TASK TO COMPLETE —
Reproduce the lines below verbatim. Pictures are to be omitted.

RECORD EXTRACTS —
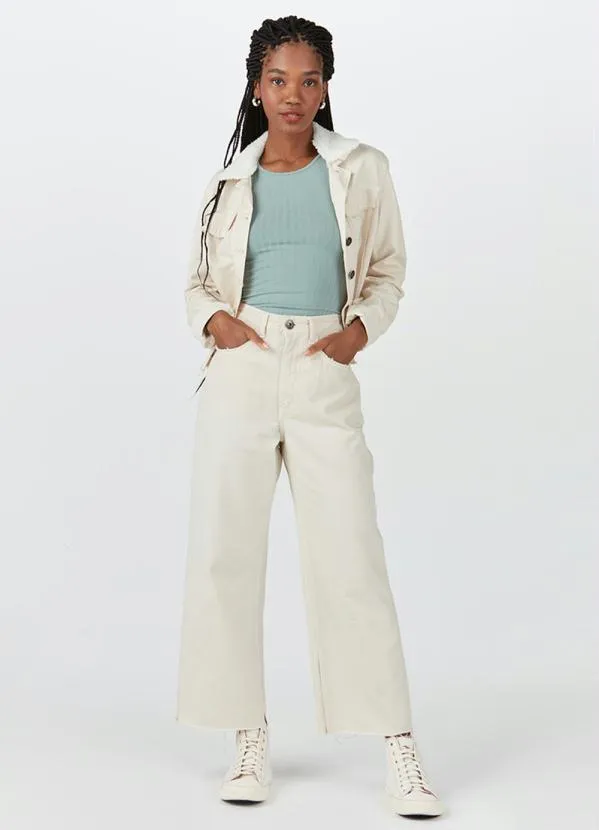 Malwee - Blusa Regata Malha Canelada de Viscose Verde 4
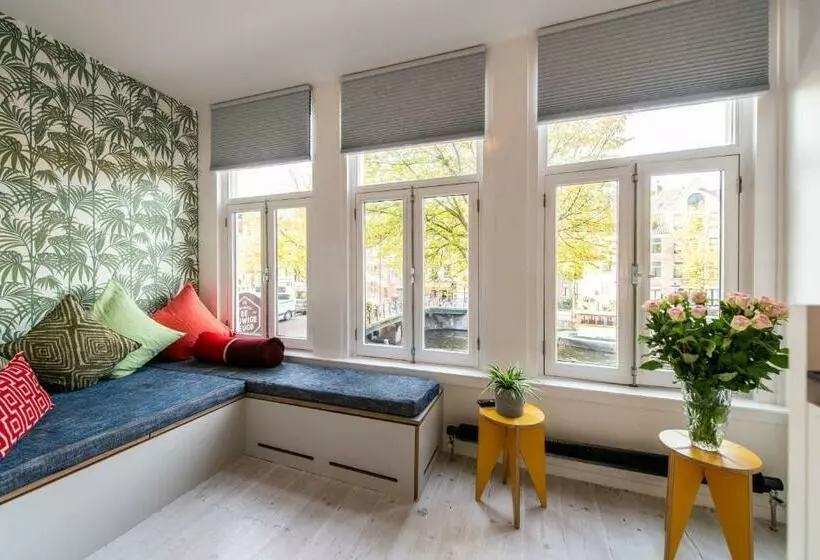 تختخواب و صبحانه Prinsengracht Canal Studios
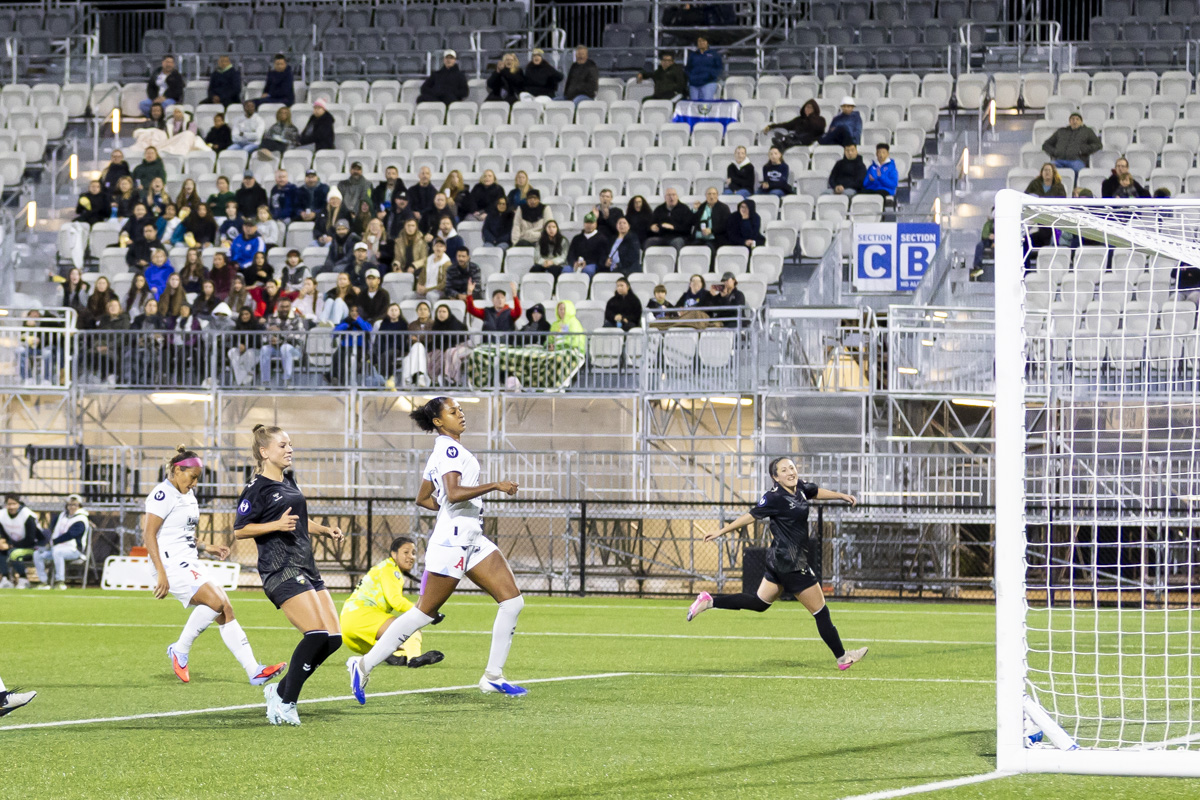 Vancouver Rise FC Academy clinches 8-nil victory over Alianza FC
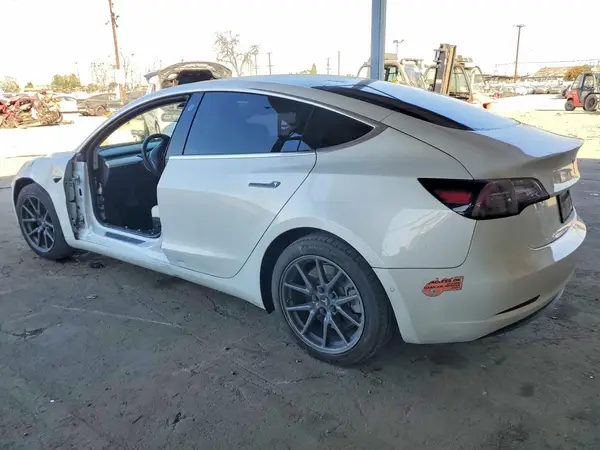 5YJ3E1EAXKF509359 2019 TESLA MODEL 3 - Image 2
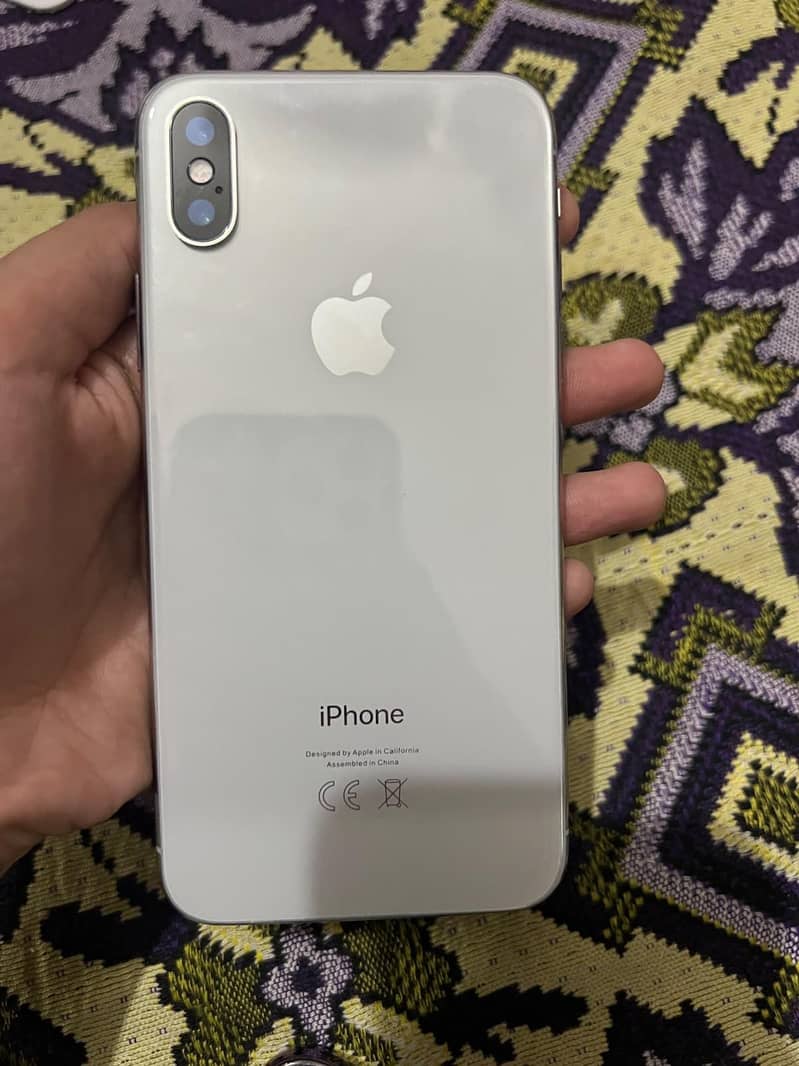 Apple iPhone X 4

OUTPUT OF THE EXERCISE —
 Malwee - Blusa Regata Malha Canelada de Viscose Verde 4
 تختخواب و صبحانه Prinsengracht Canal Studios
 Vancouver Rise FC Academy clinches 8-nil victory over Alianza FC
 5YJ3E1EAXKF509359 2019 TESLA MODEL 3 - Image 2
 Apple iPhone X 4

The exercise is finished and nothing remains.